How does Decision Intelligence use Graph technologies?

Graph technology is a sort of catch-all phrase that includes graph theory, graph analytics and graph data management. Graph represents the next major evolutionary step to enhance analytics delivery. As data volumes grow, traditional analytics often fails to address complex business operations, delivery and analysis problems. Graph technology helps find unknown relationships in data that are not being identified or analyzed through traditional means. A graph database stores nodes and relationships instead of tables, or documents. Data is stored just like you might sketch ideas on a whiteboard. Your data is stored without restricting it to a pre-defined model, allowing a very flexible way of thinking about and using it. Ultimately the output from graph analytics emerges through visualization tools, knowledge graphs, specific applications and even some advanced dashboard capabilities of business intelligence tools. Graph is also often used in all three parts to make systems run more efficiently and even support data management in a dynamic approach. In this way, there is a direct link between graph theory and analysis, and analysis can always use graph databases.

Gartner predicts that by 2023 graph technology will play a role in the decision-making process for 30% of organizations worldwide. In fact, many businesses are already using it in a variety of ways. Decision making has to be even quicker and made in ever-changing and complex environments, and graph technology will help enable this shift. From allowing for a better understanding of customers to detecting fraud to optimizing crop yields, graph technology has powerful applications across a variety of industries.

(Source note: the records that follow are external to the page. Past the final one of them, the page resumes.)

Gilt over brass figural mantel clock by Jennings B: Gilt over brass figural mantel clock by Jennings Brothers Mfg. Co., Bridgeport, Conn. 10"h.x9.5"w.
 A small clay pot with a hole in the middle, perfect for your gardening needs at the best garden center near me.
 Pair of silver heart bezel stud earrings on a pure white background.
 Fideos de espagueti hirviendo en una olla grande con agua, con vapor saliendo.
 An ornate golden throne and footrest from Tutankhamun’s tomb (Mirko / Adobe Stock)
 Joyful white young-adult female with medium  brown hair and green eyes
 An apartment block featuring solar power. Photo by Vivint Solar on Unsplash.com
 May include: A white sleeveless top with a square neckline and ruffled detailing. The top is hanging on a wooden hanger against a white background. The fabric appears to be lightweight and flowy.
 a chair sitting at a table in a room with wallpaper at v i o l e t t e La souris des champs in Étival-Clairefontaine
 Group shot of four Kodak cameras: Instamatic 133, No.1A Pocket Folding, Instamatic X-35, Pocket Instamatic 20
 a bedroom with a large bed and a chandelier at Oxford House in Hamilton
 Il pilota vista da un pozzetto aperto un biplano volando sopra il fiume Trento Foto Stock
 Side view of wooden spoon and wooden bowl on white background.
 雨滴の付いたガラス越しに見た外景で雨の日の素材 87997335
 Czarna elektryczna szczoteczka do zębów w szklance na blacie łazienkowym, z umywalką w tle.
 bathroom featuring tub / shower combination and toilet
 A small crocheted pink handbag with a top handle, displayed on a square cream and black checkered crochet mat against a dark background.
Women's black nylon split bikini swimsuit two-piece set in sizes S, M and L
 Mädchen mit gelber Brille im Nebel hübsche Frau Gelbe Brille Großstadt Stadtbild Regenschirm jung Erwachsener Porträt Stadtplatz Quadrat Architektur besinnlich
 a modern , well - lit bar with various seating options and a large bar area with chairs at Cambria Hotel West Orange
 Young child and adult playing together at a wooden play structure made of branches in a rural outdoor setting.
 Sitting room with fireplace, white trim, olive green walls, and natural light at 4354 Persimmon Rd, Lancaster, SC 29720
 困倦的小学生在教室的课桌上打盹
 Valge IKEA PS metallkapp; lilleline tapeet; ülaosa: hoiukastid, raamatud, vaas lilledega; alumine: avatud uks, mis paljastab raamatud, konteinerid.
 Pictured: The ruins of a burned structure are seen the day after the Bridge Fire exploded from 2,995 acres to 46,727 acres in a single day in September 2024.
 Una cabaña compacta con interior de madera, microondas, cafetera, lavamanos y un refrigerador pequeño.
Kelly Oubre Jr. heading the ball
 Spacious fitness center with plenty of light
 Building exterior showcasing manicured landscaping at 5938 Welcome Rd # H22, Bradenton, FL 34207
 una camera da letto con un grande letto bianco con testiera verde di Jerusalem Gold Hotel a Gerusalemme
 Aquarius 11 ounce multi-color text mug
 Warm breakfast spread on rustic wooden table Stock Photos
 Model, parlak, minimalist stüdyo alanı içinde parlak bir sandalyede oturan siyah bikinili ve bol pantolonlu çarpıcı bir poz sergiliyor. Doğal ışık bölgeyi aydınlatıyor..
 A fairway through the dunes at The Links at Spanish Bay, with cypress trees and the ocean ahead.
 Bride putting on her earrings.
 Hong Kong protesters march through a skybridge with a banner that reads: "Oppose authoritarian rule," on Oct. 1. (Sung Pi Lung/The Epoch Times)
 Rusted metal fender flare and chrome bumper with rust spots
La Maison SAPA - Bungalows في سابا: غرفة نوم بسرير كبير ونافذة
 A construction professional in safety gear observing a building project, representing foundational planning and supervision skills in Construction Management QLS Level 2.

Data and analytics are more critical than ever before, and the use cases for graph technology will only explode as businesses need ways to drive decision making and stay competitive. Decision intelligence leverages the core capabilities of graph technologies to simultaneously connect to multiple data points rather than to just one data point at a time, as within a traditional relational database. And by connecting multiple data points at once, users (or a system like DI) can more easily discover relationships between data resulting in speed, accuracy and ultimately improve decision accuracy and velocity. Behind decision velocity is the business knowledge graph - interaction over time form the business graph and that is how organizations go from data to decision - how we close the gap from insight to action.